Tania McCabe, Bimbo Onanuga, Dhara Kivlehan, Savita Halappanavar, Jennifer Crean and now Sally Rowlette – the list of women who have died in or after childbirth in controversial circumstances in Irish maternity hospitals continues to lengthen.
Every case is different, and there will always be instances where expectant mothers die in tragic circumstances. Yet the number of maternal deaths that have come to prominence in recent years surely belies our once-vaunted reputation as one of the safest countries in the world to have a baby.
Top in rankings
A decade or so ago, we were near the top of some international rankings, but the figures, though low, are beginning to move upwards. This week, the
in Dublin reported three maternal deaths last year, the joint highest level in a decade.
A further spotlight will be shone on maternity services when a report is published detailing the follow-up on recommendations made in the wake of the most high-profile of these deaths, that of Ms Halappanavar in University Hospital Galway in 2012.
The report from the Saolta hospital group is expected to show that most of the recommendations made in two reports and by the coroner at Ms Halappanavar’s inquest have been implemented. No doubt they have, but it will be some time before the maternity system enjoys full confidence again where complex obstetric emergencies occur.
After all, Ms Halappanavar might never have died if lessons had been properly learned about sepsis from the death of Tania McCabe some five years previously. Sally Rowlette died in Sligo Regional Hospital in February 2013 as a result of the same Hellp syndrome that was a factor in Dhara Kivlehan's death in the same hospital almost three years earlier.
The system struggles to learn from its mistakes.

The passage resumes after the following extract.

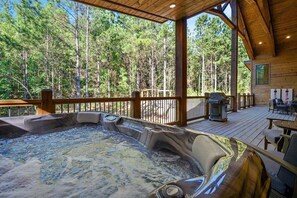 Bain à remous extérieur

The inquests into the deaths of Ms Rowlette and Ms Kivlehan unearthed a number of disturbing similarities, including delays in taking action, questions about the availability of senior staff, and issues around note-keeping.
Resources are an issue, of course. A lack of critical care beds may have been a factor in the deaths of Ms Rowlette and Ms Kivlehan. The number of such beds has been cut when an official report recommended a substantial increase. Meanwhile, we have one of the lowest levels of obstetricians in the EU relative to the number of births.
With elections looming, the suspicion is that tough decisions to uphold safety standards are being delayed because of the political flak that would arise from any cuts to local services.